» TASK INSTRUCTIONS: Go to the line containing "468 Golden Isles" below; retype it and all following lines exactly, and leave out the pictures.
(GIVEN ENTRIES begins)
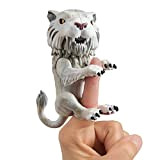 Fingerlings Untamed Tigre Dent di Sabre Silvertooth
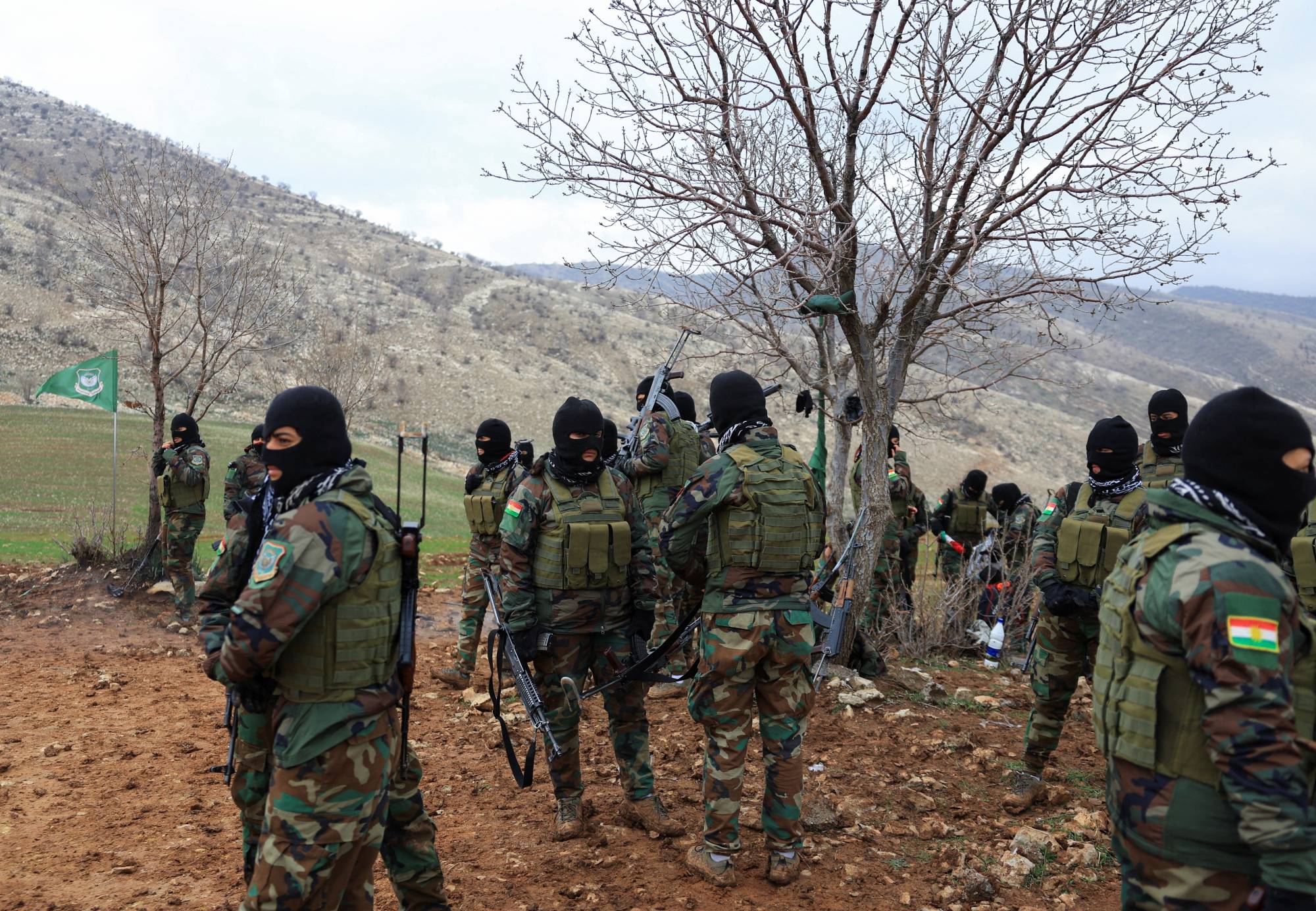 Erbil kentinin dışındaki bir üste eğitim kursuna katılan Kürdistan Özgür Yaşam Partisi’ne (PJAK) mensup Kürt savaşçılar (Reuters)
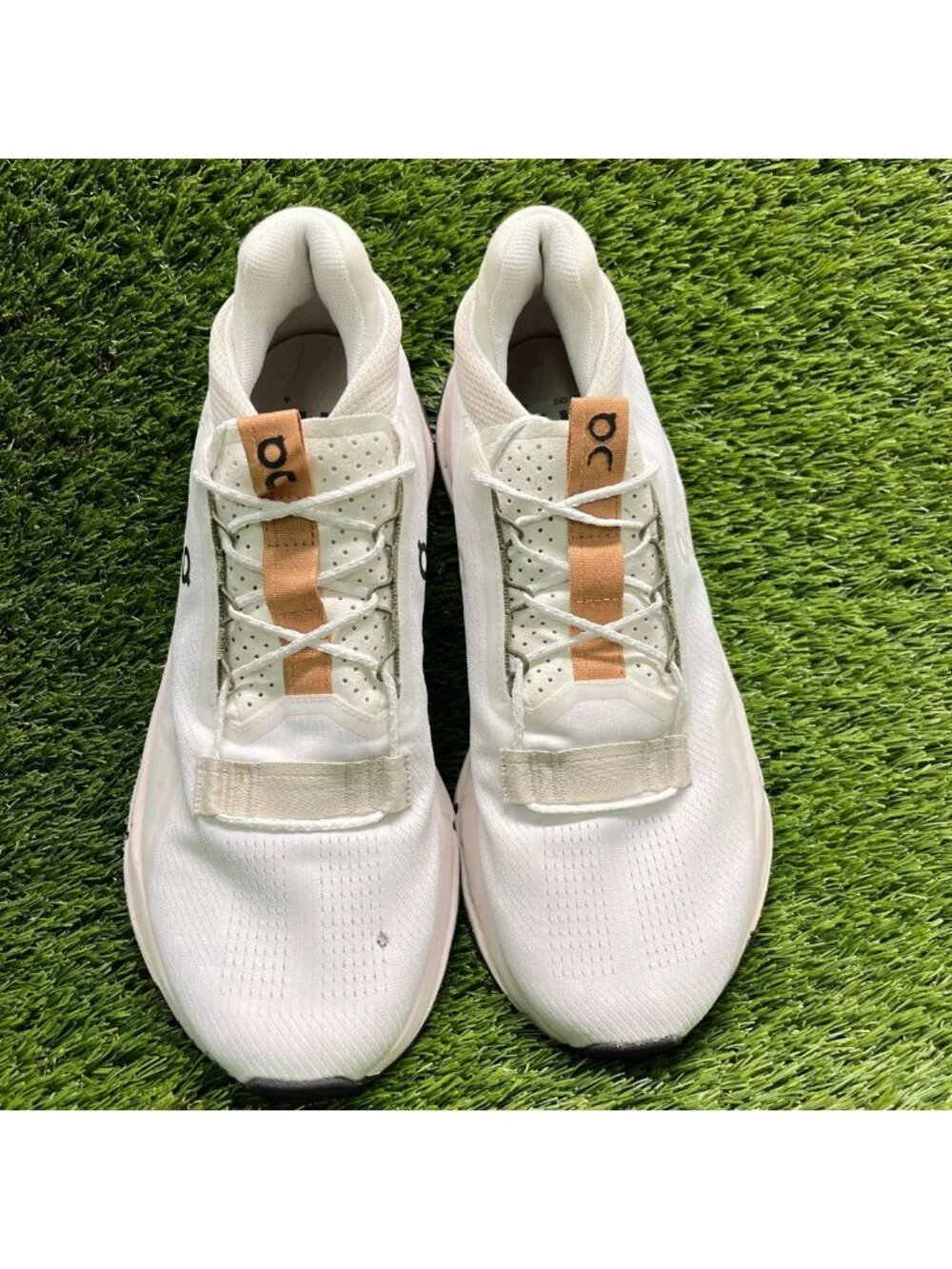 On Cloudmonster 2 Womens Size 10.5 Ivory Sphinx Athletic Running Shoes Sneakers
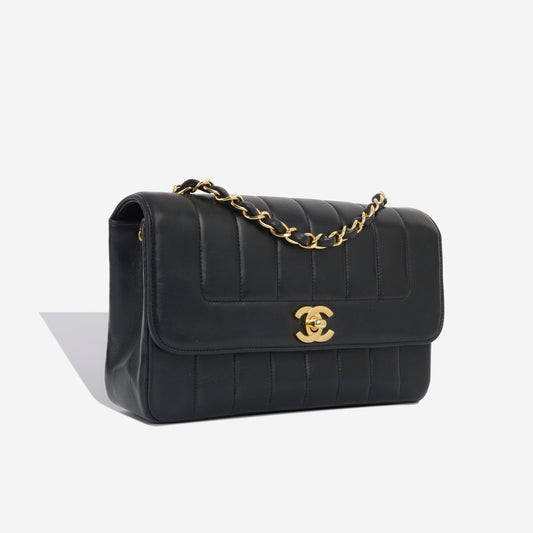Chanel Vertical Flap Bag - Vintage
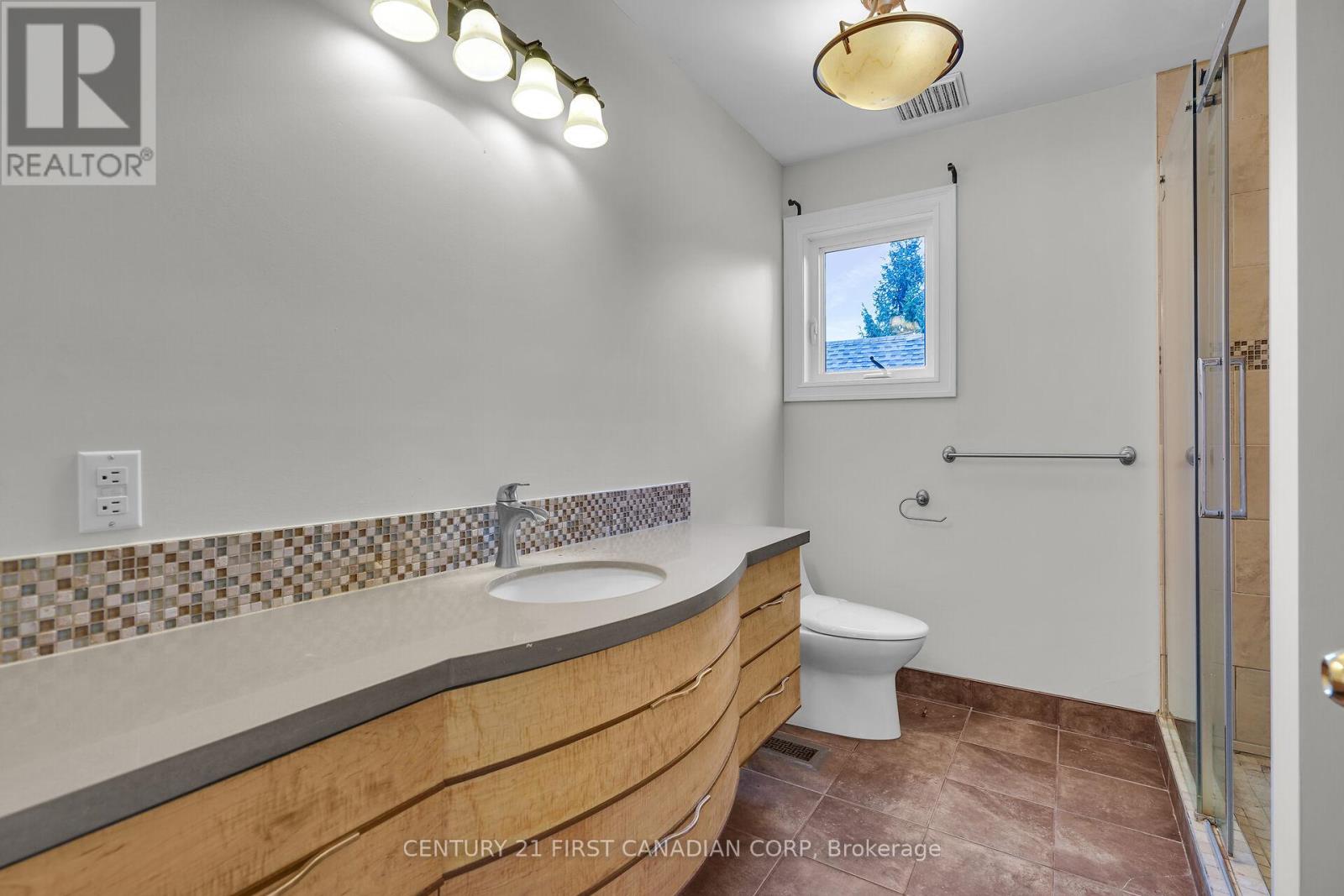 1738 Woodhull Road, London South (South B), Ontario  N6K 4M6 - Photo 32 - X12966990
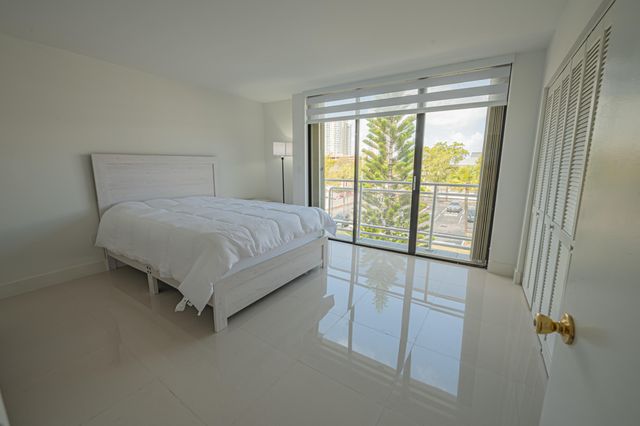 468 Golden Isles Drive 202, Hallandale Beach, FL 33009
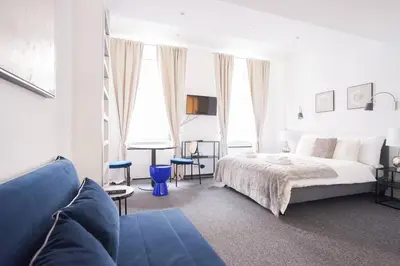 Ein Bett oder Betten in einem Zimmer der Unterkunft Next to Danube Canal, 5 min to city center with Metro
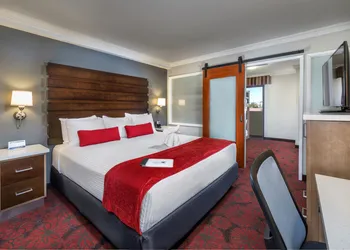 Desert Palms Hotel & Suites hotel thumbnail 8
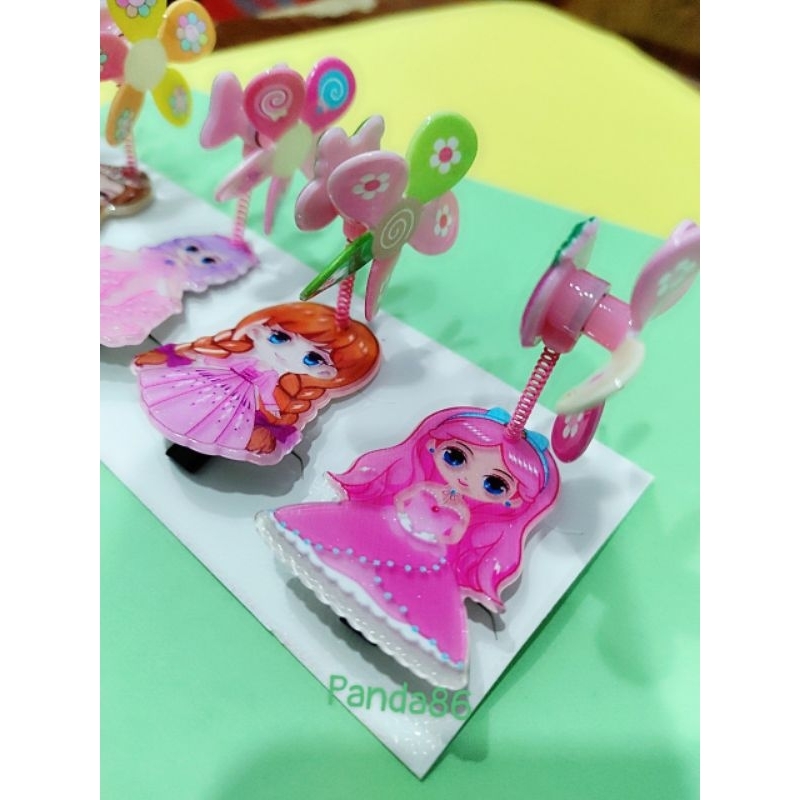 1 Cái Kẹp Tóc Chong Chóng Quay Tròn Hình Công Chúa Dễ Thương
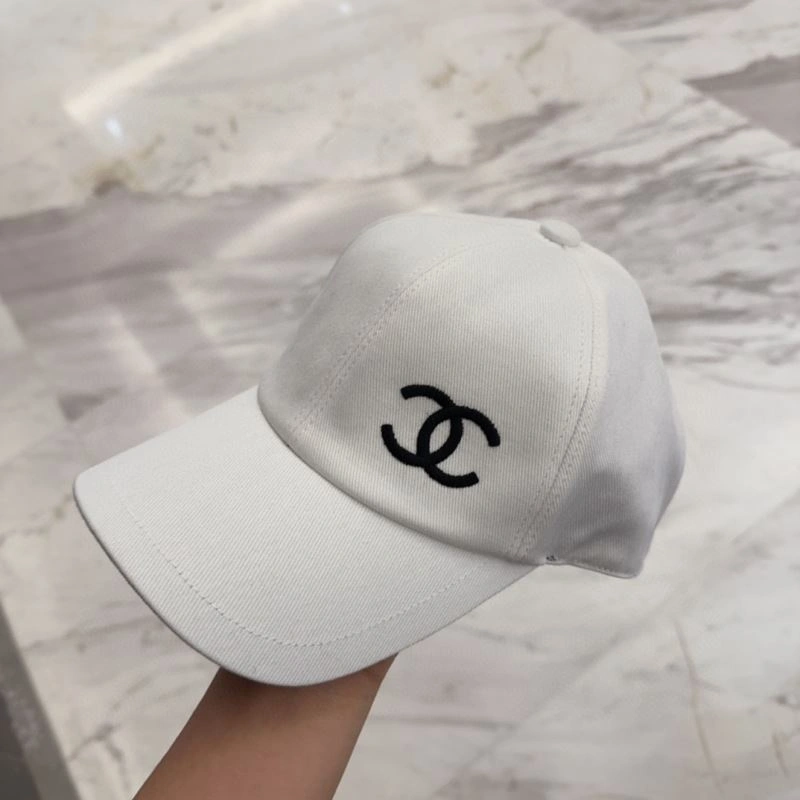 Chanel Caps Snug 260063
(GIVEN ENTRIES ends)
» OUTPUT OF THE EXERCISE:
 468 Golden Isles Drive 202, Hallandale Beach, FL 33009
 Ein Bett oder Betten in einem Zimmer der Unterkunft Next to Danube Canal, 5 min to city center with Metro
 Desert Palms Hotel & Suites hotel thumbnail 8
 1 Cái Kẹp Tóc Chong Chóng Quay Tròn Hình Công Chúa Dễ Thương
 Chanel Caps Snug 260063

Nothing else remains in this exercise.